Fifteen years ago, I was at a conference on Ireland in Charlottesville, Virginia. It was opened by the governor of the state, Mark Warner. After he spoke the usual words, there was a keynote address by the then president of Ireland, Mary McAleese. I was sitting next to Mark Warner's speechwriter. As the president was speaking, she whispered to me: "You know, my guy couldn't say one of those sentences."
It was a half-jokey remark and somewhat unfair to Warner, (now a senator) who is perfectly articulate. But it was meant to convey a simple awe at McAleese’s fluency, eloquence and gravity. And it brought it home to me how much we take it for granted that the people who speak for us are exceptionally good at it.
On the same weekend that we will, most probably, re-elect Michael D Higgins as president, a much more important country, Brazil, will presumably choose a foul-mouthed boor, Jair Bolsonaro, as its president. Another vulgar ignoramus will be tweeting abuse and lies from his couch in the White House. We live in an age of political coarseness and it has surely sensitised us to the relationship between language and democracy. Vile politics are expressed in crude, brutal words. It matters – to us and to the world – that since 1990 we have chosen presidents who address complex questions in complex ways, who use language thoughtfully, who weigh their words responsibly, who speak in order to illuminate, not to obfuscate; to comfort, not to ostracise.
Like Mary Robinson and Mary McAleese before him, Michael D Higgins has used the Irish presidency to talk about things that matter to the world
The very poor presidential election campaign has been an open invitation to cynicism and many have accepted it with glee. It’s all nonsense, it doesn’t matter, why bother voting? It is easy to miss two things. One is that the campaign has been poor for quite a positive reason: there is an incumbent head of state who is so widely admired, respected and liked that no one has been able to mount a convincing challenge to him. This may make for a bad election campaign but it surely reflects a pretty good situation – we have an elected head of state whose performance in the job over the last seven years has pleased most of us. At this moment of crisis for democracy itself, that is not trivial.
Blather and prejudice
It is all the more welcome because this popularity has gone hand-in-hand with a very high level of public discourse.

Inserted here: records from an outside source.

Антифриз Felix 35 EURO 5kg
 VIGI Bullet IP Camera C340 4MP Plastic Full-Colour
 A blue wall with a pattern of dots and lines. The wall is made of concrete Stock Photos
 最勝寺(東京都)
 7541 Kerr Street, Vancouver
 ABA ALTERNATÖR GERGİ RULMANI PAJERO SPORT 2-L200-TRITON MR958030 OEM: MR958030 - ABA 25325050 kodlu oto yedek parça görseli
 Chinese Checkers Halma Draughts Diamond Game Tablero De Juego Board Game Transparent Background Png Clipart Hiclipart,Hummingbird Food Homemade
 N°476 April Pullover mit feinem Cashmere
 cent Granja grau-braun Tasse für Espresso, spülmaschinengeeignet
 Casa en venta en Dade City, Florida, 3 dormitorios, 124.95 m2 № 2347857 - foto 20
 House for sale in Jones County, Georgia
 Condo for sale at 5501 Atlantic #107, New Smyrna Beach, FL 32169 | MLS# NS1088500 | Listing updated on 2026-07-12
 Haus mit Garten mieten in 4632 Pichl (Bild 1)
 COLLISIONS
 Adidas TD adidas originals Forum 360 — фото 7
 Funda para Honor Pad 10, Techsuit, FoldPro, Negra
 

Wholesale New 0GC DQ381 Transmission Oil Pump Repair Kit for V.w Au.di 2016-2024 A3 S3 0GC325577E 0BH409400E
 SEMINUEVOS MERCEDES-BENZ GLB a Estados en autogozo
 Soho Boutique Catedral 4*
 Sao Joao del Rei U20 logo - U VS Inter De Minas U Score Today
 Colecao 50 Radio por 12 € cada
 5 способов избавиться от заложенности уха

Like Mary Robinson and Mary McAleese before him, Michael D Higgins has used the Irish presidency to talk about things that matter to the world. His speeches are reflective, searching and challenging. He is one of the very few heads of state anywhere who has delivered a sustained critique of neoliberalism and its consequences. And the evidence is that, for all the anti-intellectual sneering, Irish people are happy that he has done so. The one useful thing about the election campaign is that it has reminded us of the alternative: seven long years of vacuous blather or barstool prejudice.
I would not trade any of our recent presidents for all the crowned heads of Europe
But as well as the president, there is the presidency. It works. Mary Robinson radically reinvented it in 1990 and if every other part of Irish democracy had been reshaped so successfully, we’d be in a much better State. And it works because of us.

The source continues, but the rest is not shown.